Ocorre que Ishida já fez sua escolha bem antes, quando seu pai, Ryuuken, lhe ofereceu retornar seus poderes em troca de nunca mais se associar com shinigamis, Uryuu escolheu seguir Ichigo e Sado para resgatar Orihime no Hueco Mundo, ou quando escolheu partir com os seus amigos para Soul Society para salvar Rukia de uma execução.
Ao ser exposto da decisão e firmeza de Uryuu, Jugram sente uma enorme raiva e decide aplicar o golpe final no Ishida, até ser surpreendido pelo Auswählen de Yhwach, ficando incapacitado e na porta da morte. Haschwalth não se sente traído por isso, mas sim orgulho por ainda ter alguma utilidade ao seu mestre.
Contudo, seus pensamentos finais são diferentes de sua fala, pois Jugram reconhece o valor das escolhas de Uryuu, porque diferente de Ishida, Haschwalth acaba se sentindo arrependido por suas decisões.
Em suma, a luta entre Ishida e Haschwalth consistiu num embate ideológico, haja vista que Jugram acreditava que o indivíduo deve sempre manter-se objetivo e fazer a escolha que mais lhe beneficia, razão pela qual ele escolheu ser leal ao Yhwach ao invés de sua amizade com Bazz-B.
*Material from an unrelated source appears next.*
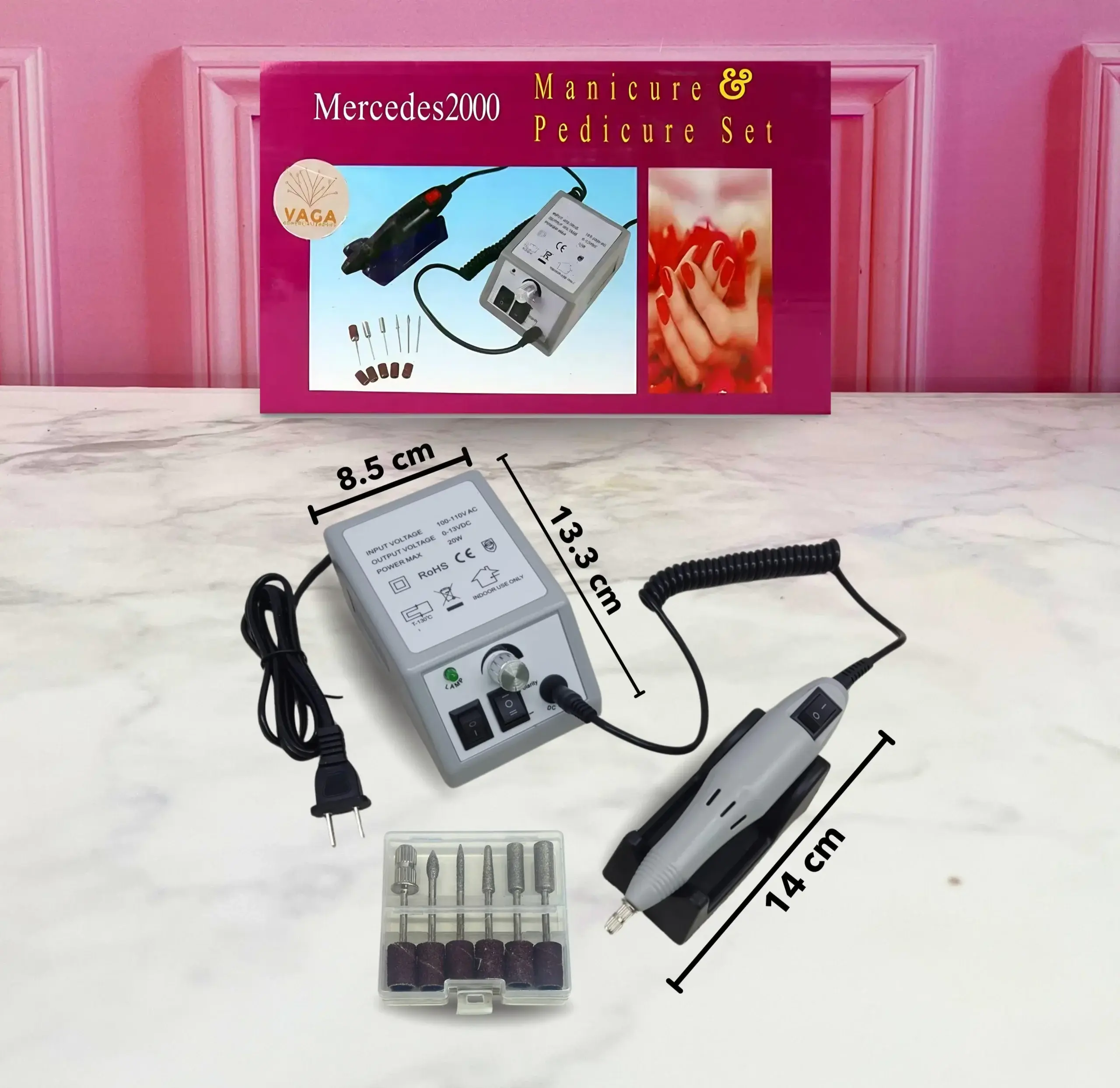 Pulidor de uñas mercedes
Por outro lado, Uryuu acredita que você deve sempre estar do lado de seus companheiros, independente dos benefícios ou da escolha ser certa ou errada, motivo pela qual traiu Yhwach pelo bem de seus amigos.
Após lutarem, Haschwalth chegou à conclusão de que a pessoa deve tomar a decisão que a mais lhe gratifica e te contente, independente da lógica ou resultado, a fim de que você não tenha arrependimentos no final.
Por esta razão que Haschwalth permitiu que Ishida transferisse todas suas feridas para ele para que Uryuu pudesse vivenciar sua escolha.
Ao final, é revelado que o “sonho” de Yhwach era na verdade a visão do futuro observada por Jugram que, ao invés de tentar evitá-lo, Haschwalth decidiu por manter a sua resolução.